Search code examples
pythonstringrepr

Python repr string w/ real newlines


I want to use repr() to get a Python-encoded string literal (that I can paste into some source code), but I'd prefer a triple-quoted string with real newlines rather than the \n escape sequence.

I could post-process the string to convert \n back into a newline char and add a couple more quotes, but then if \\n is in the source, then I wouldn't want to match on that.

What's the easiest way to do this?


Example input:

foo💩
bar

Or as a Python string:

'foo💩\nbar'

Desired output:

'''foo\xf0\x9f\x92\xa9
bar'''

Triple-single or triple-double quotes is fine, but I do want it broken on multiple lines like that.


What I have so far:

#!/usr/bin/env python
import sys
import re

with open(sys.argv[1], 'r+') as f:
    data = f.read()
    f.seek(0)
    out = "''" + re.sub(r"\\n", '\n', repr(data)) + "''"
    f.write(out)
    f.truncate()

I'm still trying to figure out the regex to avoid converting escaped \ns.

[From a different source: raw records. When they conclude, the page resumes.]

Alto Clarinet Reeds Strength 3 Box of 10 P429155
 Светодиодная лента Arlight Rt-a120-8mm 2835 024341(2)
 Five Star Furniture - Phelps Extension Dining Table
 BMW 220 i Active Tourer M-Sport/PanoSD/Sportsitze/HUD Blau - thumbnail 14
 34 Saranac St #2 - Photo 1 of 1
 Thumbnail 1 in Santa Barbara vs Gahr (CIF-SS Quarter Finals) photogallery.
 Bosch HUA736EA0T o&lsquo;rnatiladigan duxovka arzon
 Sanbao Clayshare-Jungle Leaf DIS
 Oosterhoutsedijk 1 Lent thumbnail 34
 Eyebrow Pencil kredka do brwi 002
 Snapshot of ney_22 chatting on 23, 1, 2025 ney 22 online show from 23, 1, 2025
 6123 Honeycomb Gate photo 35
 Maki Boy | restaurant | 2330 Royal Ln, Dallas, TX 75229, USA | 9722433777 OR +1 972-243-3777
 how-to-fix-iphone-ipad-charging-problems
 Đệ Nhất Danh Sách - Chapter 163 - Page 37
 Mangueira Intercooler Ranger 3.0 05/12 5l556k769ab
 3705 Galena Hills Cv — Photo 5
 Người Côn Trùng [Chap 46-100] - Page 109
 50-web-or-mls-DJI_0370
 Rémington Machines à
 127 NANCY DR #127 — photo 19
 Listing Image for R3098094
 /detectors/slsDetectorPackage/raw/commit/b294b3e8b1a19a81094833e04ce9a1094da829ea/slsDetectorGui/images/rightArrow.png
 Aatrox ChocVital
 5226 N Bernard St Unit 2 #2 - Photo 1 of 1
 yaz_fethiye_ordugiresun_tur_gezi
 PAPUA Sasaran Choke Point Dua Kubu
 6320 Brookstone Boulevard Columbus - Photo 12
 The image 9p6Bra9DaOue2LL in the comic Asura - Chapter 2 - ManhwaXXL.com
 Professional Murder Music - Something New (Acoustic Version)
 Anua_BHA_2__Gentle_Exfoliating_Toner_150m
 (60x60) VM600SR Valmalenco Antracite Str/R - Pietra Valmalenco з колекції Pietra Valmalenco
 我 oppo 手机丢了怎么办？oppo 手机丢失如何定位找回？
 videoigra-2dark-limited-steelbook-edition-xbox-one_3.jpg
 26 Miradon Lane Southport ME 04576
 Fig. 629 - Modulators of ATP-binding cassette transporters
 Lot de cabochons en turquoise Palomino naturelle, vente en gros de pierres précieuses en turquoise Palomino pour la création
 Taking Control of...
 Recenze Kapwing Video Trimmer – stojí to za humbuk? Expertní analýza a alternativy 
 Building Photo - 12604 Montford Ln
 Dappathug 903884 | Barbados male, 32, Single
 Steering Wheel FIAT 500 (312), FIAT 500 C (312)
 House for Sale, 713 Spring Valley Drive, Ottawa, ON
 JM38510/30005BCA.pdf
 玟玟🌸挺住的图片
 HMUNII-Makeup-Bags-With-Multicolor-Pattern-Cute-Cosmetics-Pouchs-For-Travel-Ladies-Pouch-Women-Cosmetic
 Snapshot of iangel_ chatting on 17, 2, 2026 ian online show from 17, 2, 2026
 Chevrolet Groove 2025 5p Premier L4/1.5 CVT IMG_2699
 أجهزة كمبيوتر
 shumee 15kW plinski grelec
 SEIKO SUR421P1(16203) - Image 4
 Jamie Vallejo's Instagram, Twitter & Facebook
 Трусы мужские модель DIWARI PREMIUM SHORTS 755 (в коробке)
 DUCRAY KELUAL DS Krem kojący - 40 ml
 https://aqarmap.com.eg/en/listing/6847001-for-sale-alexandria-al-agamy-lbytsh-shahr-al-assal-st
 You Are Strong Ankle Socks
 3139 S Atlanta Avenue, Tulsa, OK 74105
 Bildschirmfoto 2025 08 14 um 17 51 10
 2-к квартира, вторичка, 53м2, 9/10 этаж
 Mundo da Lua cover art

The goal is that if I paste that back into a Python source file I will get back out exactly the same thing as I read in.


I'm using Python 2.7.14


Solution

  • How about splitlines it and encoding each line separately:

    s = 'foo💩\nbar'
    
    r = "'''" + '\n'.join(repr(x)[1:-1] for x in s.splitlines()) + "'''"
    
    assert eval(r) == s
    

    If you're on python2 and the inputs are unicode, then repr[2:-1] to strip the leading u as well. The same applies to py3 and bytes inputs.